TL;DR
- A Financial Times report says ECB President Christine Lagarde is weighing leaving before October 2027; the ECB says she has made no decision.
- Her tenure has pushed the digital euro and warned MiCA-era stablecoins could still threaten monetary policy, urging euro-denominated alternatives to dollar tokens.
- EU lawmakers are expected to adopt the digital euro law in 2026, enabling a 12-month pilot in 2H 2027 and possible first issuance in 2029.
A report that Christine Lagarde may consider leaving the European Central Bank before her term ends in October 2027 is landing at a delicate time for Europe’s digital money plans. An early succession question is suddenly intersecting with a policy project that needs continuity. The Financial Times said she is weighing an exit ahead of France’s April 2027 presidential election so Emmanuel Macron and Germany’s Chancellor Friedrich Merz can agree on a successor. An ECB spokesperson pushed back, saying Lagarde is focused on her mission and has not decided. Timing is stirring market chatter now.

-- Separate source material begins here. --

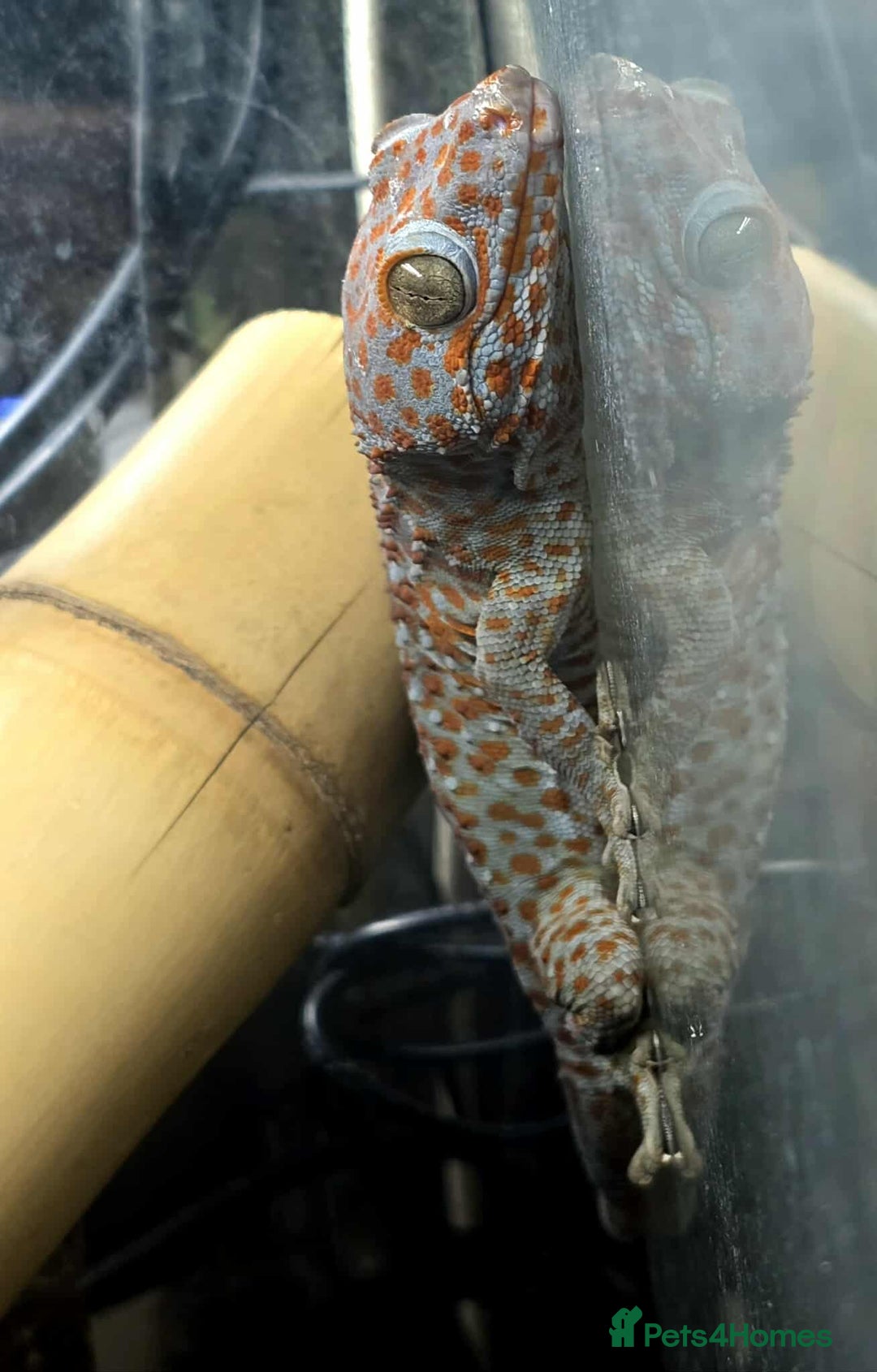 Gecko reptiles for sale: Tokay Geckos - Image 3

Succession risk meets the digital euro runway
Under Lagarde, the ECB has advanced preparatory work on a digital euro while repeatedly warning about risks from privately issued digital money, including stablecoins, under the EU’s MiCA regime. The policy pitch is defensive: avoid “digital dollarization” while building euro-native rails. Officials have argued that rapidly growing stablecoins could pose financial stability and monetary policy risks even with MiCA safeguards, and they have called for a strong market for well regulated euro-denominated stablecoins to compete with dollar tokens. Lagarde has also criticized Bitcoin as “highly speculative” and “worth nothing,” shaping the ECB’s tone for years.
A shortlist of potential successors highlighted in the report includes Pablo Hernández de Cos, Klaas Knot, Isabel Schnabel and Bundesbank President Joachim Nagel. The bench looks unlikely to soften the ECB’s cautious line on crypto. Hernández de Cos has framed crypto assets and stablecoins as financial stability risks needing strong supervision, while Knot has called for a robust global regulatory framework. Nagel has linked the digital euro to European monetary and financial sovereignty and has labeled Bitcoin a “digital tulip.” Schnabel previously described Bitcoin as a speculative asset without recognizable fundamental value in past speeches.
The digital euro still needs approval from EU lawmakers, even as the ECB has entered a technical preparation stage and launched collaborations aimed at universal access. The timeline is legislative first, then pilots, which makes leadership stability more than cosmetic. Executive Board member Piero Cipollone said co-legislators are expected to adopt the digital euro regulation during 2026. He said that would enable a 12-month pilot in a controlled Eurosystem environment starting in the second half of 2027, involving limited providers, merchants and staff. The Eurosystem aims to be ready for potential first issuance in 2029.